Are whaling vessels that operate without using aids to avoid vessel collision putting the safety of biodiversity and people at risk?
This week the International Whaling Commission (IWC) has convened in Slovenia. The gathering marks the 30th anniversary of the commission’s moratorium on commercial whaling. This landmark action has been hailed as an incredible environmental achievement. Nations, including our own, that had historic and cultural connections to whaling collectively decided to stop whaling in the interest of ocean health. With this cooperative global action, we managed to bring some our ocean’s most ecologically important and charismatic great whale species back from the brink of extinction.
Photo: Whit Welles/ Creative Commons
Despite this international moratorium, several countries, including Japan, have continued to carry out commercial whaling justifying it as scientific research.
The International Court of Justice ruled in March 2014 that Japan’s whaling program in the Antarctic had violated multiple provisions of the International Convention for the Regulation of Whaling. In 2015, at the last IWC meeting, a resolution was approved requesting that no more lethal research be carried out without the IWC Scientific Committee first assessing and approving the work. Despite these declarations from the international community, Japan resumed whaling in the Southern Ocean during the 2015/2016 season, killing 333 Antarctic minke whales.

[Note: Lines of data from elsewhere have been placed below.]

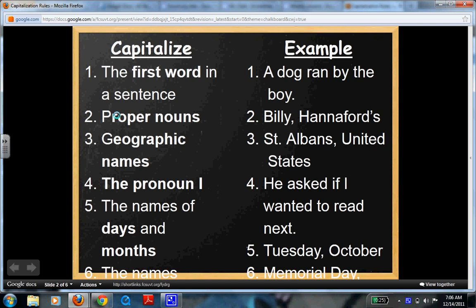Number two: proper nouns. So if somebody has a specific name, the Grand Canyon — that's a proper noun of a place — so that gets a capital letter. Geographic names, as in places. For instance, St. Albans is capitalized and United States is capitalized.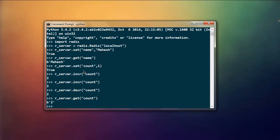Now we have used string to set name, we also used integer for incrementing and decrementing count. Now let's also use lists. There are plenty of things that you can use and access from your Redis database. So let's start with r_server.rpush to push into a list that is named as nums.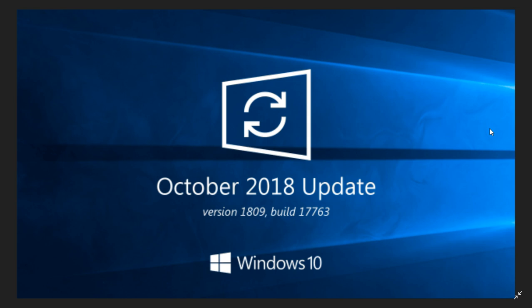So the October 2018 update, there was a release yesterday to Slow Ring Insiders and to the release preview of a new version again. Last week, they had released one version, which was 17763.55 or something. I'm trying to remember, I totally forgot.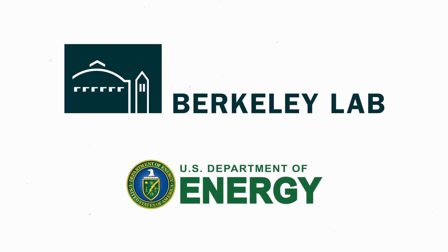Learn more about how Berkeley Lab is addressing microelectronic research challenges by visiting lbl.gov.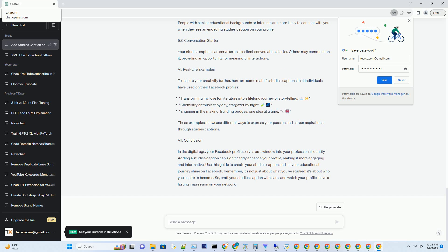Section 1: The power of studies captions. Studies captions are brief descriptions of your educational background, qualifications, or achievements. They serve as a quick introduction to your academic and professional journey. Section 1.1 Personal branding: your studies caption is an opportunity to brand yourself professionally on Facebook. It allows you to communicate your expertise, skills, and accomplishments to your network. Section 1.2 Networking: by sharing your educational achievements, you can connect with people who have similar interests or backgrounds, fostering meaningful connections and potential collaborations.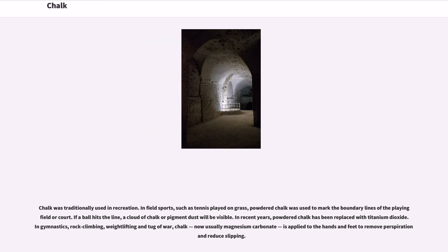Chalk was traditionally used in recreation. In field sports such as tennis played on grass, powdered chalk was used to mark the boundary lines of the playing field or court. If a ball hits the line, a cloud of chalk or pigment dust will be visible. In recent years, powdered chalk has been replaced with titanium dioxide. In gymnastics, rock climbing, weightlifting, and tug-of-war, chalk — now usually magnesium carbonate — is applied to the hands and feet to remove perspiration and reduce slipping.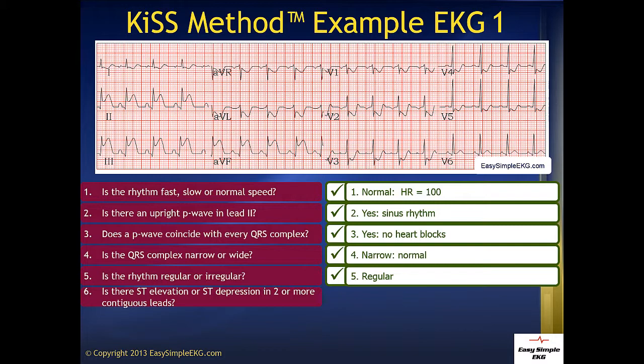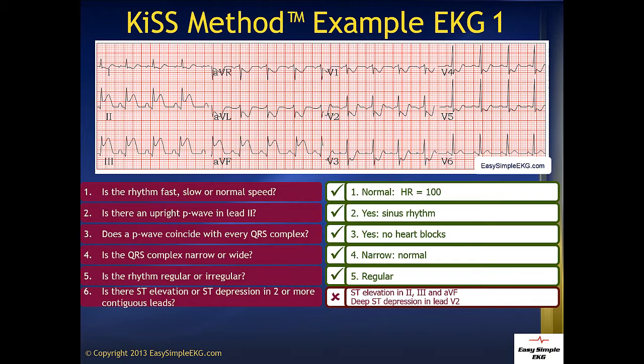We then go to our lateral leads, V5 and V6. There is ST depression in lead V5, but not in V6. We then go to our high lateral leads, leads V1 and AVL. We see some ST depression in lead V1, and specifically a lot more ST depression in lead AVL. That would be the reciprocal change to our inferior wall infarct.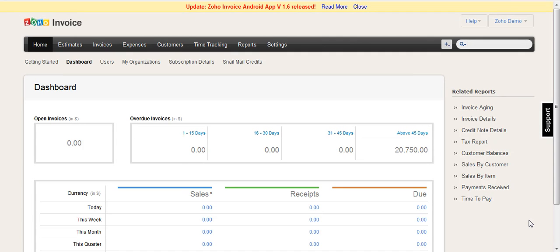Hello and welcome to a quick session on Zoho Invoice and how to change the base currency of one of your customers after an automated synchronization from Zoho CRM.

One less explored facet of Japan’s whaling activities in international waters concerns their use of the Automatic Identification System (AIS). AIS is the same big data source that powers Global Fishing Watch. It was originally conceived and implemented as a safety system to help prevent vessel collisions at sea by sharing the location of ship traffic.
The International Maritime Organization, via the International Convention for the Safety of Life at Sea (SOLAS), developed safety protocols for use of AIS. SOLAS requires that all vessels of 500 gross tonnage and above operate AIS at all times. Japan codified SOLAS safety regulations in its own domestic laws.

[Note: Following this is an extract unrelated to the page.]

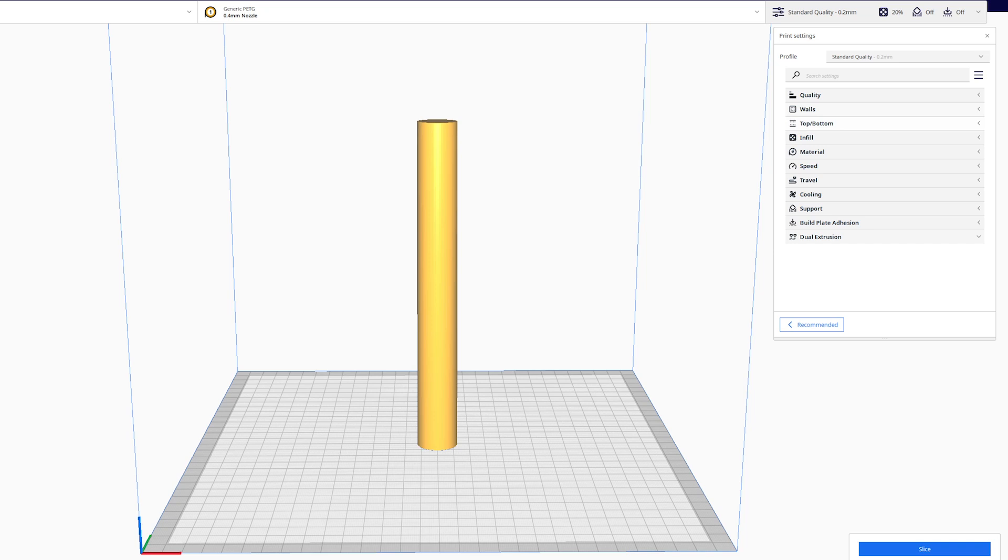Hi guys, New Legend here with a quick tutorial on how to slice and print collapsible blades. In this tutorial I will show you my settings for Cura slicer.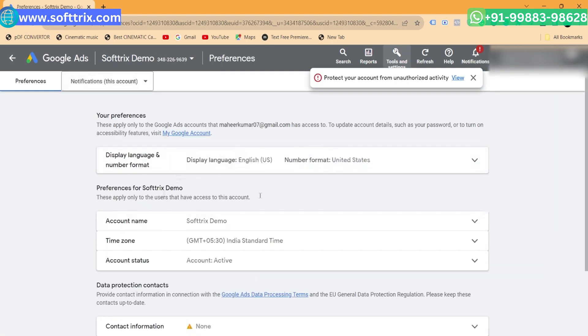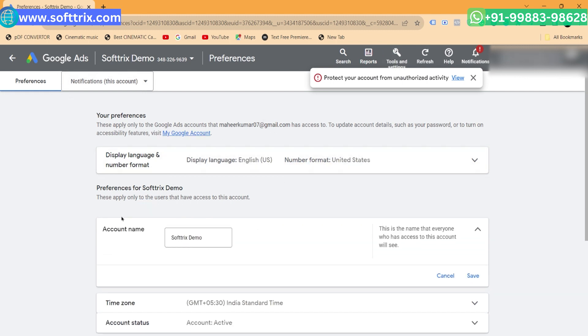Find the Account Name section, choose this section and then update the account name. Then save the modifications.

How well is Japan’s whaling fleet following these safety measures? The data suggest not well at all. During the 2013-2014 and 2015-2016 Antarctic summers, Japanese whaling vessels largely turned off their AIS safety devices while hunting whales in the Southern Ocean. These whaling vessels all exceed 700 gross tonnage, well above the size threshold for which SOLAS regulation would require continuous use of AIS.
Take for example the case of the Shonan Maru No. 2, a Japanese vessel that has been documented to be engaged in whaling activities in the Southern Ocean. On December 1, 2015 an AIS position placed the Shonan Maru No. 2 at a port in the Kanmon Straits near Kitakyushu, Japan. The next AIS position is transmitted 83 days later, on February 21, 2016, in the Southern Ocean. The vessel continued to travel back to the Japan, arriving to the Shimonoseki port on 22 March 2016.

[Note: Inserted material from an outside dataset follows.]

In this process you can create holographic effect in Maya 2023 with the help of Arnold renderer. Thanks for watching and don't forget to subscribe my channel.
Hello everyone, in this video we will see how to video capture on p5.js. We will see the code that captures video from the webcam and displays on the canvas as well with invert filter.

Three other vessels in the whaling fleet have AIS tracks in mid-November 2015 at ports in Western Japan, that then disappear until late March 2016 when they turn up back in port near Kitakyushu, Japan or near Sendai, Japan. This includes the vessel, Nisshin Maru, which was reported to be participating in the Antarctic whaling season of 2015-2016.
In some areas of the world, extended blackouts may be the result of insufficient satellite coverage or crowded airwaves from high vessel density. However, satellite coverage in the Southern Ocean is exceptionally good, and data analysis by Global Fishing Watch suggests that these AIS signal blackouts represent periods of time in which vessel AIS devices were intentionally turned off. From January – March 2016, AIS tracks for myriad vessels are visible in the Southern Ocean, which is characteristic for other years. Vessels navigating the southern ocean include fishing boats, research vessels, and tourist cruise ships.
The remoteness, harsh weather, and frigid water of this polar ocean region would make it a particularly tragic place for a maritime accident to occur, and should demand extra diligence with respect to safety measures, not less.
By using their AIS safety system to reduce the risk of vessel collision Japan’s whaling operations would also confer the added advantage of transparency. Sharing cruise information with all nations whose responsibility it is to co-manage biodiversity in these fragile and rapidly changing international waters would reduce the appearance of secrecy that raises suspicions of wrongdoing.
Japan’s whaling operations are the only research expeditions that we are aware of that operate with their AIS blacked out.
Photo: Customs and Border Protection Service, Commonwealth of Australia /Creative Commons
If Japan’s whaling vessels are indeed not complying with national and international regulations for safe ocean travel – this is a matter that we would want maritime legal experts to look into further.
The International Whaling Commission discussions underway this week provide a valuable forum in which to consider the risks associated with the decision by many of Japan’s whaling vessels to turn off their AIS safety systems.
If Japanese whaling cruises were required to responsibly use their AIS, that would reduce the risks these vessels are now posing to both ocean ecosystems and human safety.